A Coreia do Norte é apenas o mais visível ponto de possível confronto entre Estados Unidos e China. A ideia de uma guerra aberta entre a principal potência económica e militar no mundo e um país que a pode ultrapassar em breve ocupa uma importante parte da preocupação ocidental. E não por falta de motivos.

Os Estados Unidos opõem-se a Pequim numa série de temas espinhosos e cada um tem pelo menos algum risco de provocar uma escalada militar entre os dois países: desde a silenciosa defesa americana da autodeterminação no Tibete até à estridente defesa da independência taiwanesa; passando pelo desconforto das relações económicas que Pequim vai fortalecendo desde Manila a Islamabade e às operações militares em volta das ilhas artificiais e instalações militares construídas no Mar Meridional da China, uma das mais importantes rotas comerciais do mundo. Destes focos de tensão, o mais preocupante parece ser o de Taiwan, ilha armada pelos Estados Unidos, reclamada por Pequim e, segundo o think-tank Rand, um possível rastilho para confrontos até que se resolva o estatuto do território. Aqui, o “conflito pode assumir várias formas, desde um bloqueio até a uma verdadeira invasão”, argumenta, sublinhando, contudo, que o verdadeiro risco está num possível colapso do regime norte-coreano.
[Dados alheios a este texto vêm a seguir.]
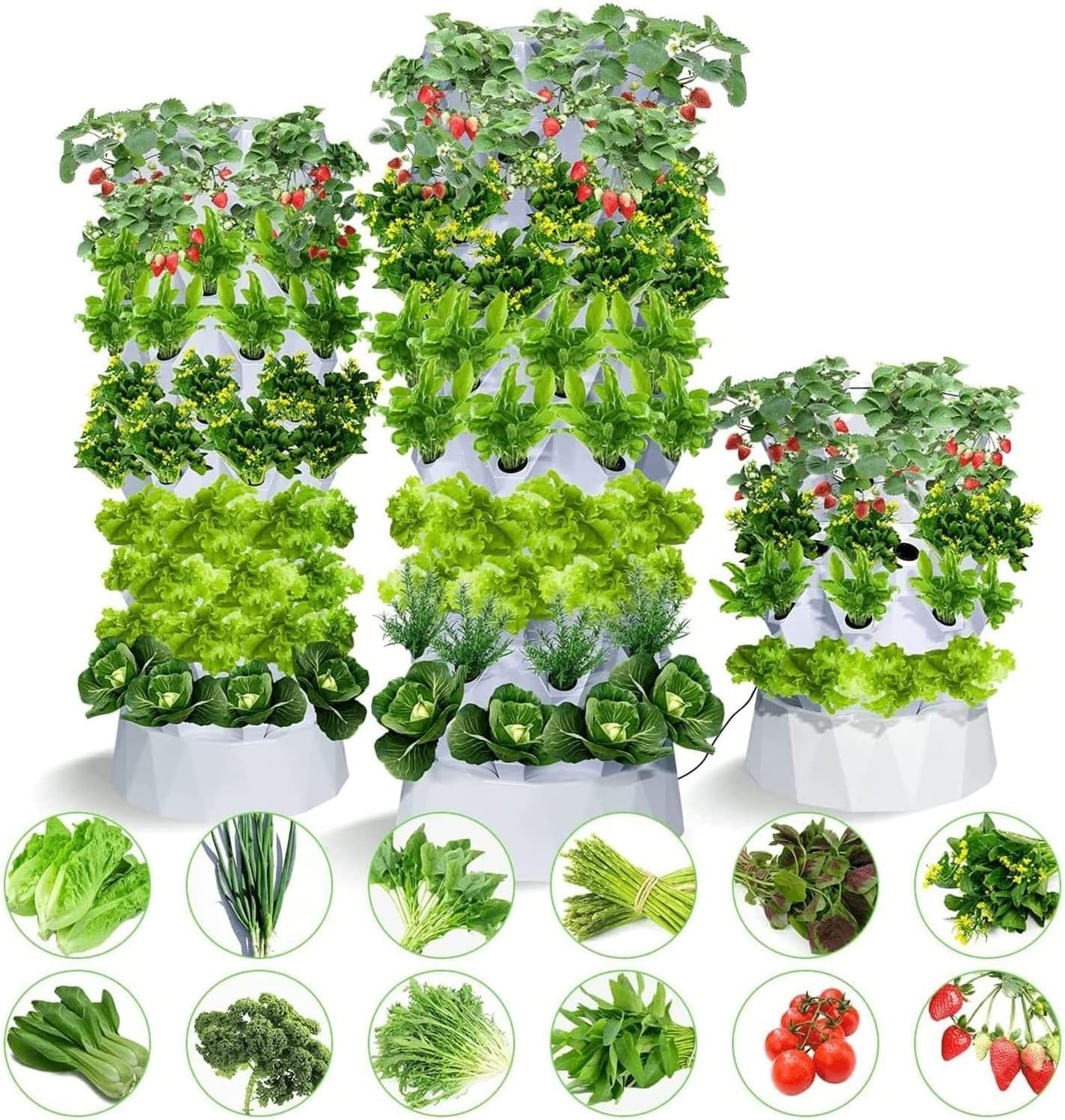 Kits de Cultivo hidropónico Sistema de Cultivo hidropónico Vertical para Interiores ｜Kit de Sistema de Cultivo hidropónico en Torre Multicapa para Cultivar Hierbas, Frutas, Verduras, Kit de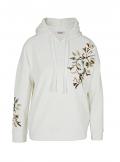 Designer-Kapuzensweatshirt mitPerlen ecru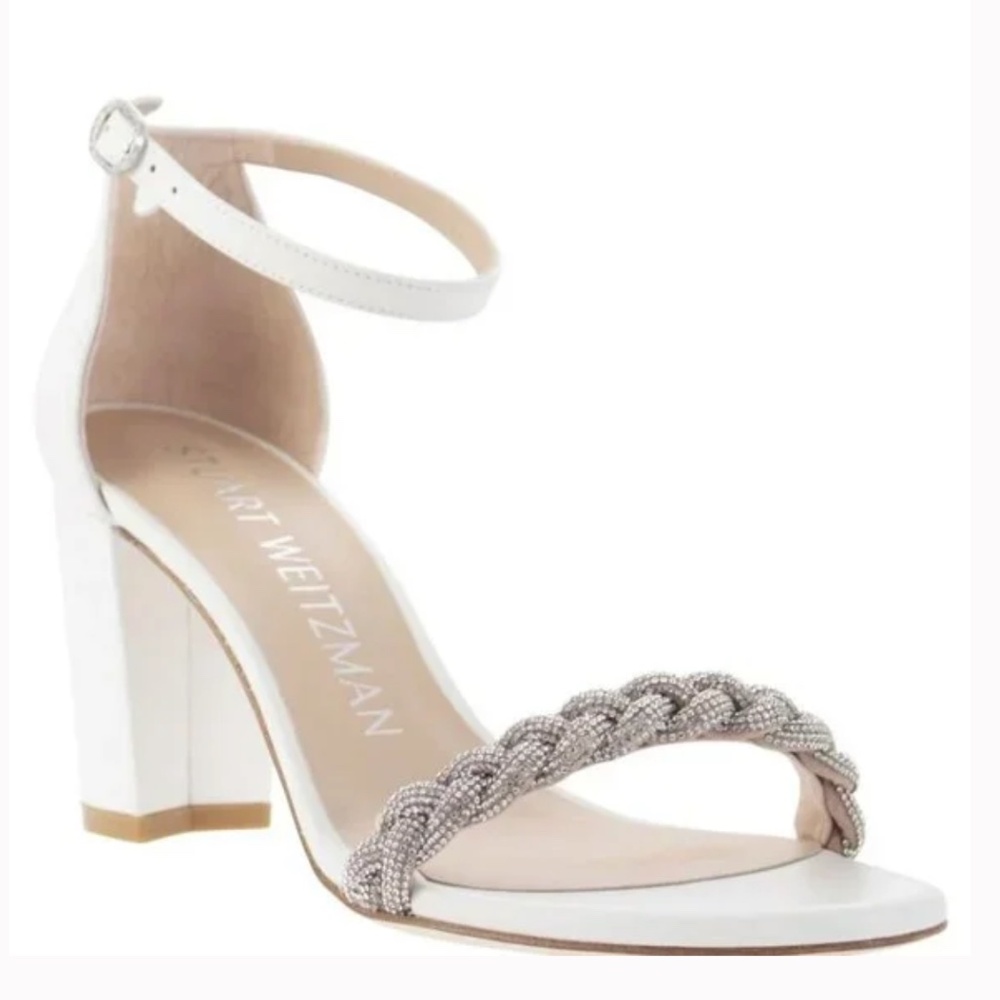 NWT Stuart Weitzman Nearlynude Highshine 80MM Sandals in White (size 6)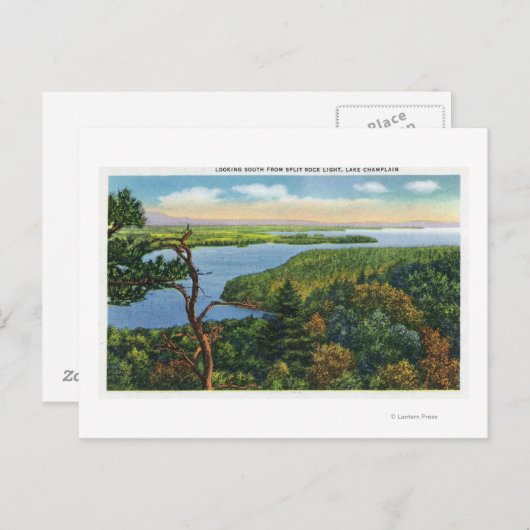Südlicher Blick auf den See von Split Rock Light Postkarte (Vorne/Hinten)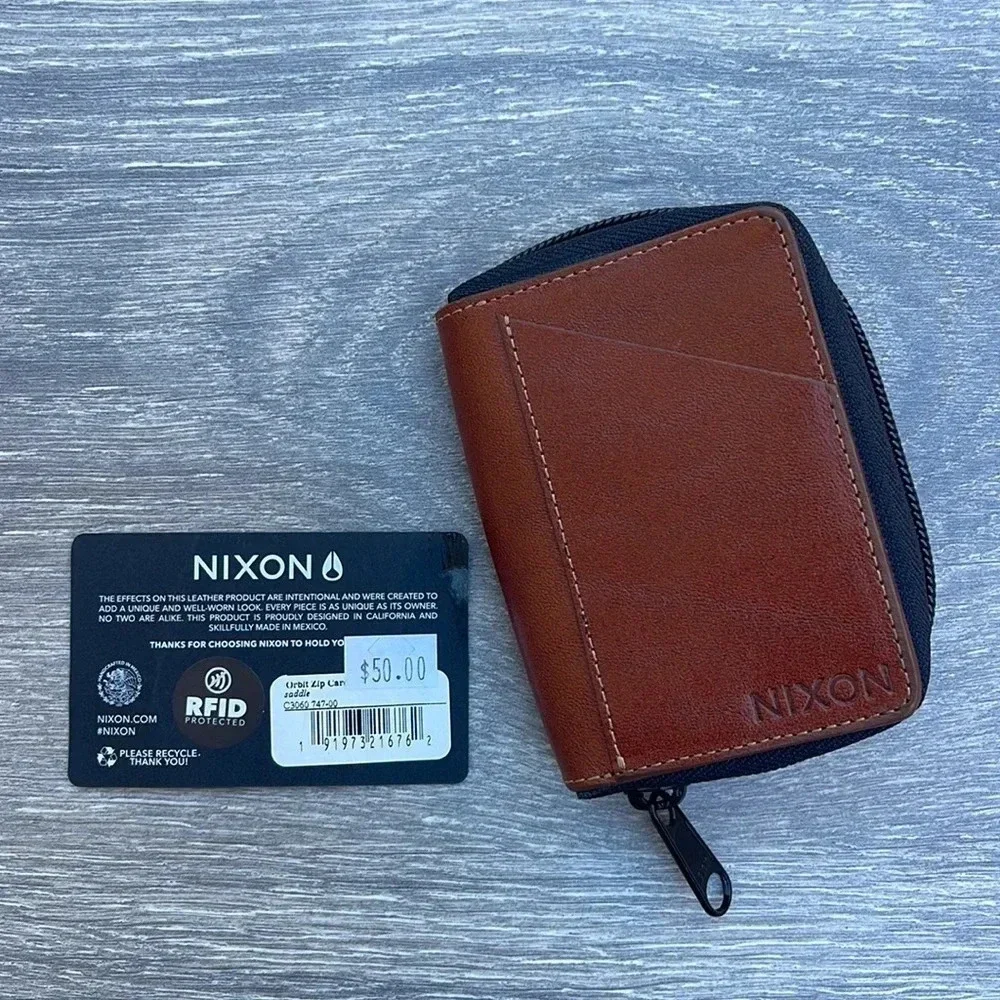 Nixon Orbit Zip Card Leather Wallet, saddle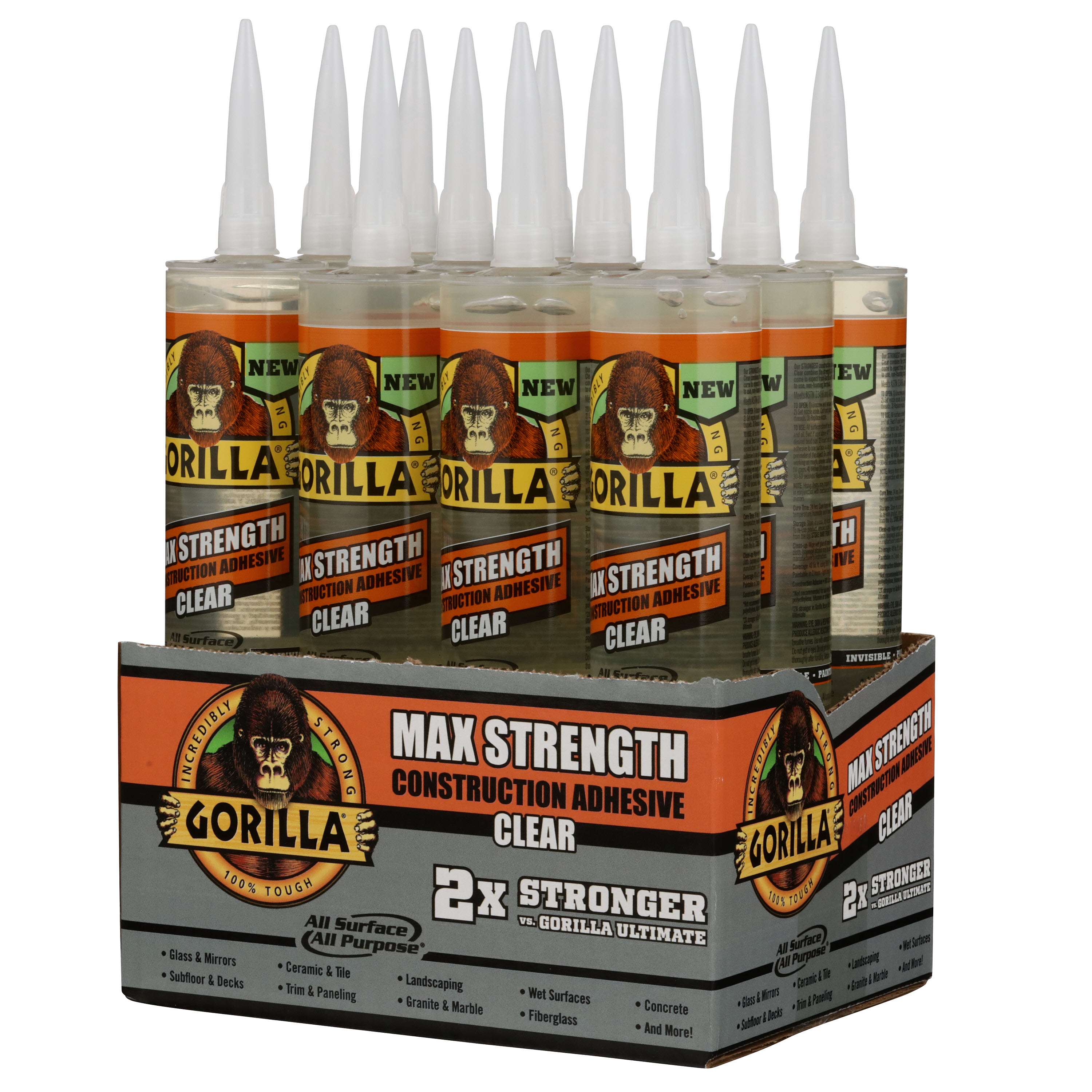 Gorilla Max Strength Clear Construction Adhesive, 9 Ounce Cartridge, Clear, (Pack of 12)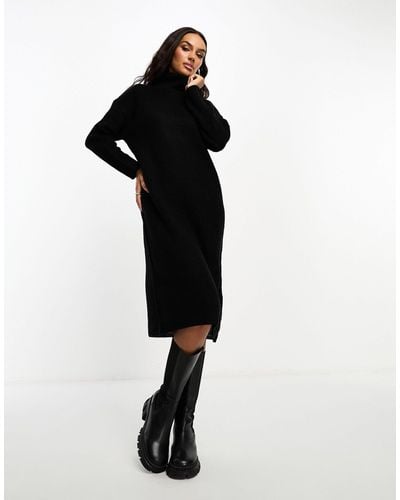 Brave Soul Emma Roll Neck Knitted Maxi Dress - Black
Em “Destinados à Guerra”, o norte-americano Graham Allison defende aquele que é o maior lugar-comum acerca de uma possível guerra entre os Estados Unidos e a China: o autor fala da “armadilha de Tucídides”, o homem que descreveu a guerra entre Esparta e a Grécia no séc. IV a.C., nascida do receio espartano de uma nova potência lhe roubar o lugar de líder mundial.

O argumento é plausível, mas, como critica Ian Buruma na “New Yorker”, parece ignorar a convicção de que a China, ao contrário dos EUA, não deseja o lugar do polícia e líder tentacular do mundo. Os Estados Unidos podem ter medo de ser ultrapassados, mas a China pode não querer fazê-lo. Buruma não está a sós nesta defesa. Acompanham-no o colunista e autor Gideon Rachman, que escreveu recentemente sobre inclinação oriental da balança do poder, e Howard French, por exemplo, antigo correspondente da “Time” na China, que este ano escreveu um livro sobre o tema. Acima de tudo, argumentam, Pequim quer recuperar a ordem asiática de há dois séculos e esquecer a invasão japonesa de 1895. O resto, nas palavras de Rachman, é “o grande desafio político do séc. XXI: gerir o processo de orientalização de acordo com os interesses comuns da humanidade.”